Next, a day later, comes an interview with Mr. and Mrs. Dismas Cullinan of Boston, who, with their nine littles, were the very first people in 116 to request transfer. Mr. Cullinan, a meaty, red-faced man, is a specialist in sanitary engineering. He explains, “I see a real opportunity for me to move up to the planning level over in 158. I figure I can jump eighty, ninety Boors in status in one hell of a hurry.” Mrs. Cullinan complacently pats her middle. Number ten is on the way. She purrs over the immense social advantages the move will confer on her children. Her eyes are too bright; her upper lip is thicker than the lower one and her nose is sharp. “She looks like a bird of prey,” someone in the dorm comments. Someone else says, “She’s obviously miserable here. Hoping to grab rungs fast over there.” The Cullinan children range from two to thirteen years of age. Unfortunately, they resemble their parents. A runny-nosed girl claws at her brother while on screen. Aurea says firmly, “The building’s better off without the lot of them.”

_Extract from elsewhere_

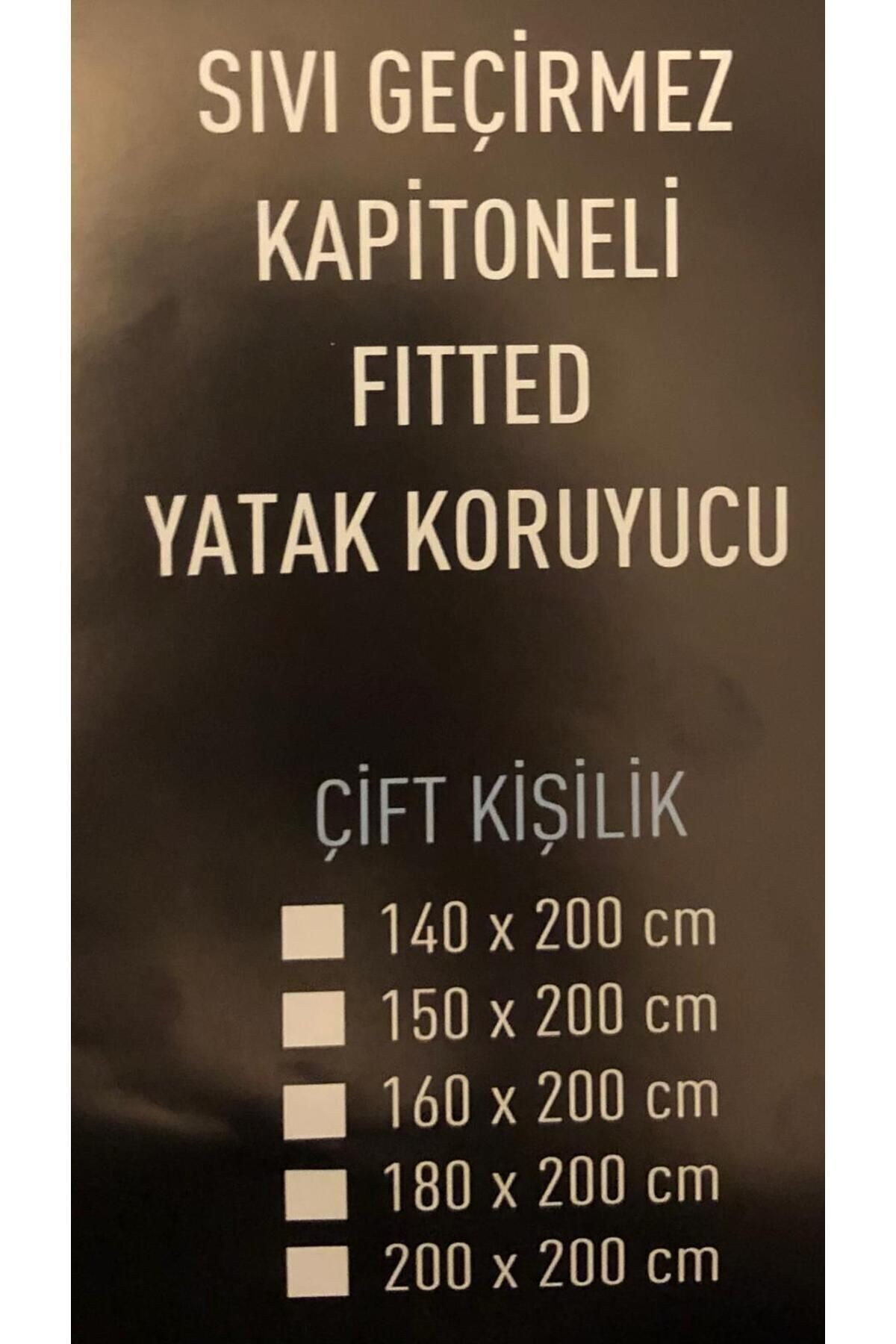 %100 Sıvı Geçirmez Fitted Kapitoneli Alez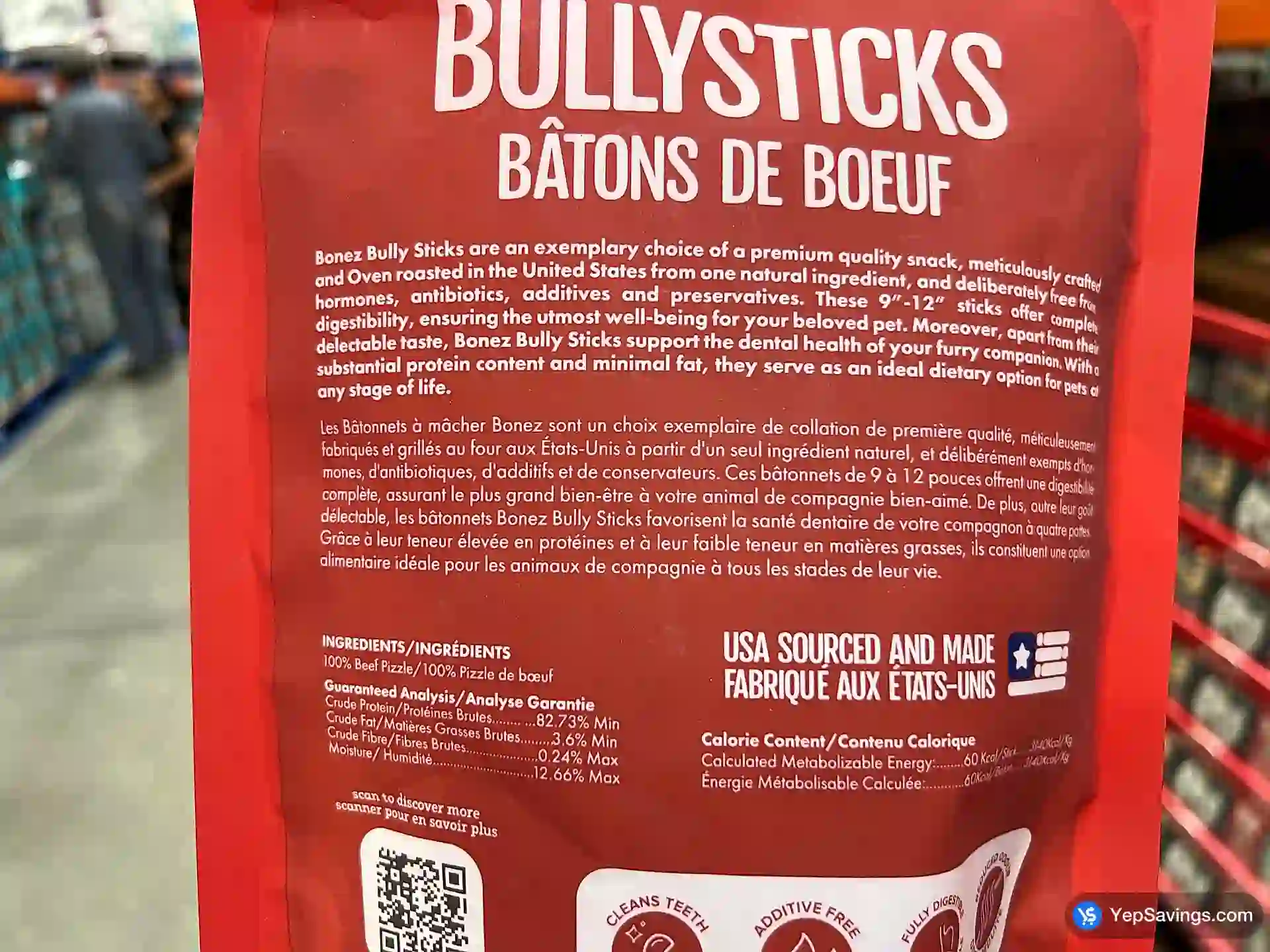 Costco BONEZ 9 " -12 " BULLY STICKS PACK OF 12 - Canada (ITM 1787918)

Interviews with other transferees follow. On the fourth day of the campaign, the screen offers an extensive tour of the interior of 158, showing the ultramodern conveniences it will offer. Thermal irrigation for everybody, superspeed liftshafts and dropshafts, three-wall screens, a novel programing system for delivery of meals from the central kitchens, and many other wonders, representing the finest examples of urban progress. The number of volunteers for transfer is up now to 914.

Perhaps, Aurea thinks giddily, they will fill the entire quota with volunteers.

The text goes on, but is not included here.